* **STORED DATA**:

⟨

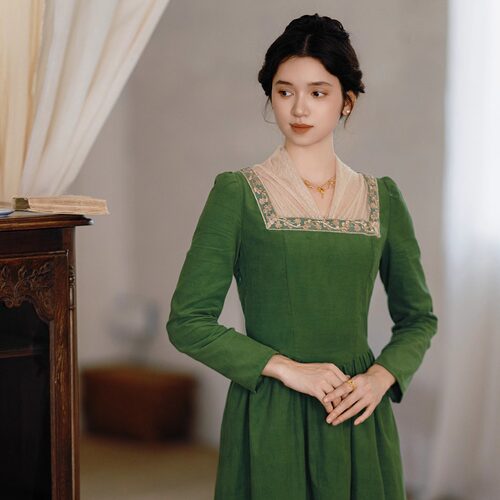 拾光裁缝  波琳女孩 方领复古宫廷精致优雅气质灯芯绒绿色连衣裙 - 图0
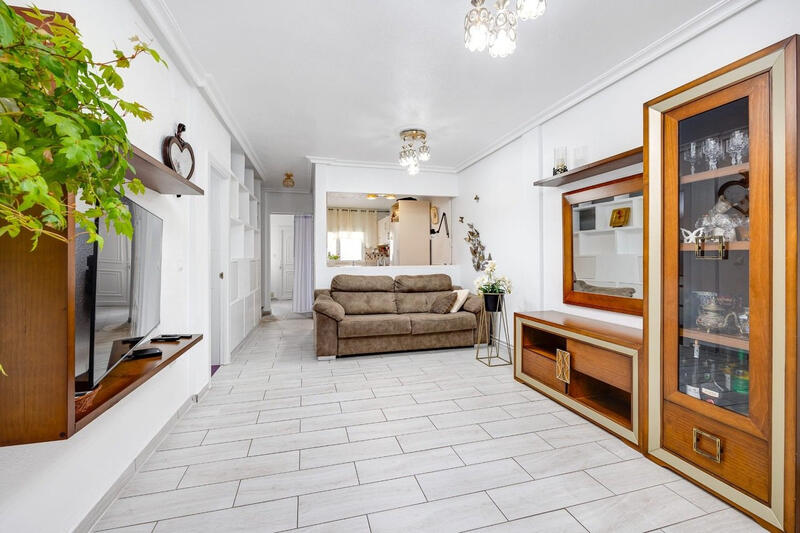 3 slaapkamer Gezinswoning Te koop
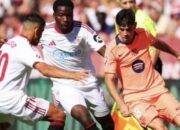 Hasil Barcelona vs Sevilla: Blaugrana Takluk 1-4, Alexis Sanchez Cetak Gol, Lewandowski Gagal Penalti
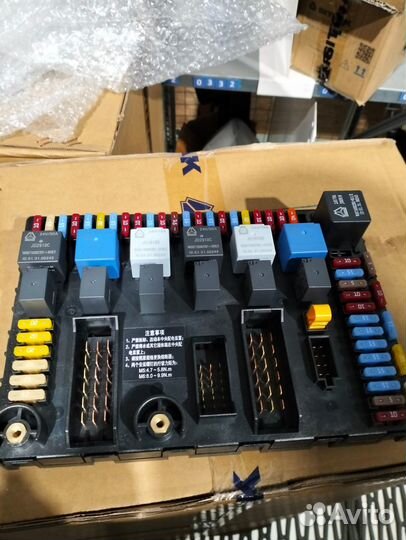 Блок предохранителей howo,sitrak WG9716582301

⟩

* **EXERCISE REQUIREMENTS**: Each line from the one containing "Hasil Barcelona vs" through the last line of the listing is to be given again exactly, with no pictures and no other lines.

* **ANSWER TO THE EXERCISE**:
 Hasil Barcelona vs Sevilla: Blaugrana Takluk 1-4, Alexis Sanchez Cetak Gol, Lewandowski Gagal Penalti
 Блок предохранителей howo,sitrak WG9716582301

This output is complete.